Thut also looked at optimal combinations of frequencies. He knows that tone-frequencies with a ratio of whole numbers sound really harmonic. This is always the case when standing waves resonate in the same space (in music this space means the same length of the tube of the saxophone or the string of the violin). Just as in music, pure chords – like a fifth or a third – also sound harmonic in nature, and what is significant for life processes, they reinforce each other. He applied this invention in his technique of DC (direct current) water treatment Aqua4D, which has proven in practice to be very successful. In this technique for water treatment he applied the frequencies of Oxygen (in G) and Carbon (in D) which together form a fifth – as shown below. With this technique he was successful in many countries. Plants absorb this water better, also plants in brackish soils. These positive effects of specific positive frequencies on processes in water – and in nature – support the validity of his discovery. It also underlines the suggestion that vibration or EMF-radiation not only has negative effects on nature, it may as well exert positive impact on water and plants. But for a healthy environment we have to understand the different effects of different frequencies.

3. Tuning the octave

Musicians in an orchestra always tune their instruments: the first violin sets its frequency and the entire orchestra tunes in to achieve its full harmony. The HET also requires a choice of its basic tone, the tone that serves as the anchor for the other tones in the octave. Thut tuned his Harmonic Elements Table (HET) on the base frequency G (381.1 Hz). He chose G as the anchor, because G includes the tones of Hydrogen and Oxygen, both essential elements in biology and in water. You’ll find H and O – with some other elements – in the red bar G at the left. Tone G harmonizes perfectly with tone D, the tone of Carbon, the other essential element that combines with H and O into carbohydrates CxHyOz. In addition, the frequency of several other important elements are located in D as well, like Magnesium Mg and Gold Au.  

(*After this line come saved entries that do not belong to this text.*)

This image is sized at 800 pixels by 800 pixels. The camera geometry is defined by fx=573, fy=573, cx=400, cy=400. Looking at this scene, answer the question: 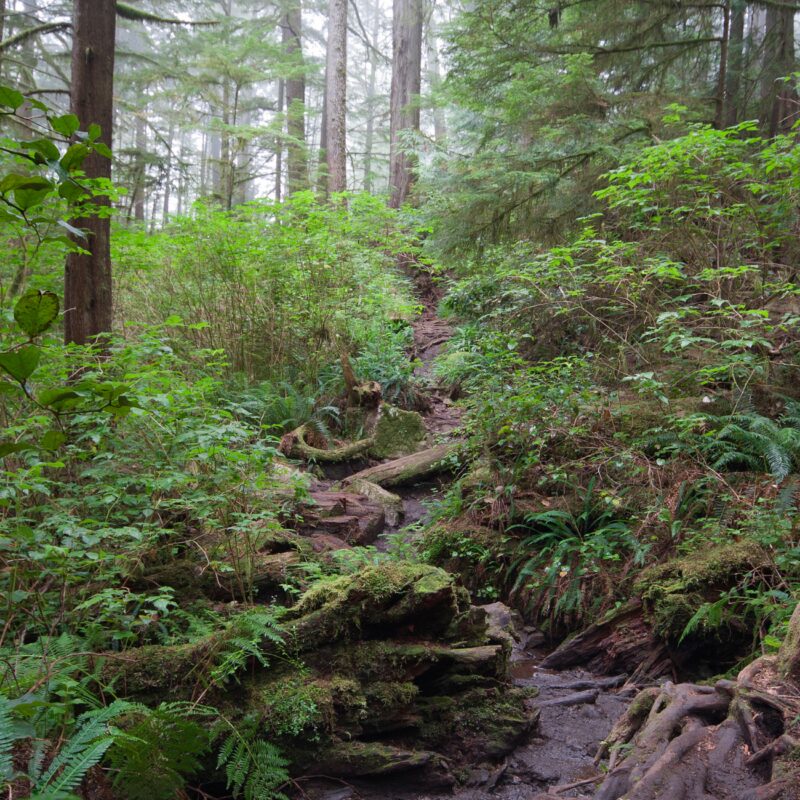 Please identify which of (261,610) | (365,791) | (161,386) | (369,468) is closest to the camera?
(365,791)

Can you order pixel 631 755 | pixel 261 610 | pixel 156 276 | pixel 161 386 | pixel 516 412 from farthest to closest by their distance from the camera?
pixel 156 276 → pixel 516 412 → pixel 161 386 → pixel 261 610 → pixel 631 755

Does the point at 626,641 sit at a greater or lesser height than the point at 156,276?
lesser

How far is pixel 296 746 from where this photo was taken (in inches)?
127

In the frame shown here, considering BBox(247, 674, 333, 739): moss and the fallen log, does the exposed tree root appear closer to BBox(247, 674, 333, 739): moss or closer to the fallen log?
the fallen log

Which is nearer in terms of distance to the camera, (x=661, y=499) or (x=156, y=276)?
(x=661, y=499)

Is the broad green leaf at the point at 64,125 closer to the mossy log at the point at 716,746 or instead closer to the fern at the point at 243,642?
the fern at the point at 243,642

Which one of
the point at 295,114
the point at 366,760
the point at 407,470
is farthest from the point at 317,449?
the point at 295,114

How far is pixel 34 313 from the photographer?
1.13m

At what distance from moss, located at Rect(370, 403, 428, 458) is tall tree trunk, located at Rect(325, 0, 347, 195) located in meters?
7.29

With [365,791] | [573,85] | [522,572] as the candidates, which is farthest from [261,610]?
[573,85]

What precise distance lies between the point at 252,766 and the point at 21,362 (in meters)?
2.74

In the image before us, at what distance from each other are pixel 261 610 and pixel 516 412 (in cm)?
388

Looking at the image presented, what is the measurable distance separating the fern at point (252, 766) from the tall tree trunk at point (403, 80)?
15.0m

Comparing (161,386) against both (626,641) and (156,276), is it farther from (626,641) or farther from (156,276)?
(156,276) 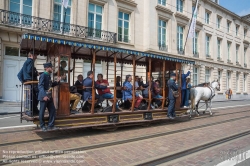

The exact tuning requires another important choice, the choice between an absolute, just or natural scale* and a tempered scale*. Whereas a tempered scale nowadays is used in most orchestras (with tone A set in 440 Hz) as a compromise to fit all instruments, Thut founded his HET-scheme on an absolute music scale. With ‘absolute’ scale tuning, the life-supporting elements all fit best at precise harmonic ratios to the main note G. For example in the ratio 3:2, but also on other harmonic ratios like 9:8, 5:4, 5:3 or 7:4. (In his scale tone A is found at 428.7 Hz, the tone of the electron and very close to the frequency of a water molecule as well). Thut suggests that this absolute tuning comes closest to harmonic frequencies in nature. Therefore, this ‘just’ scale serves best our intentions to harmonically support natural processes. 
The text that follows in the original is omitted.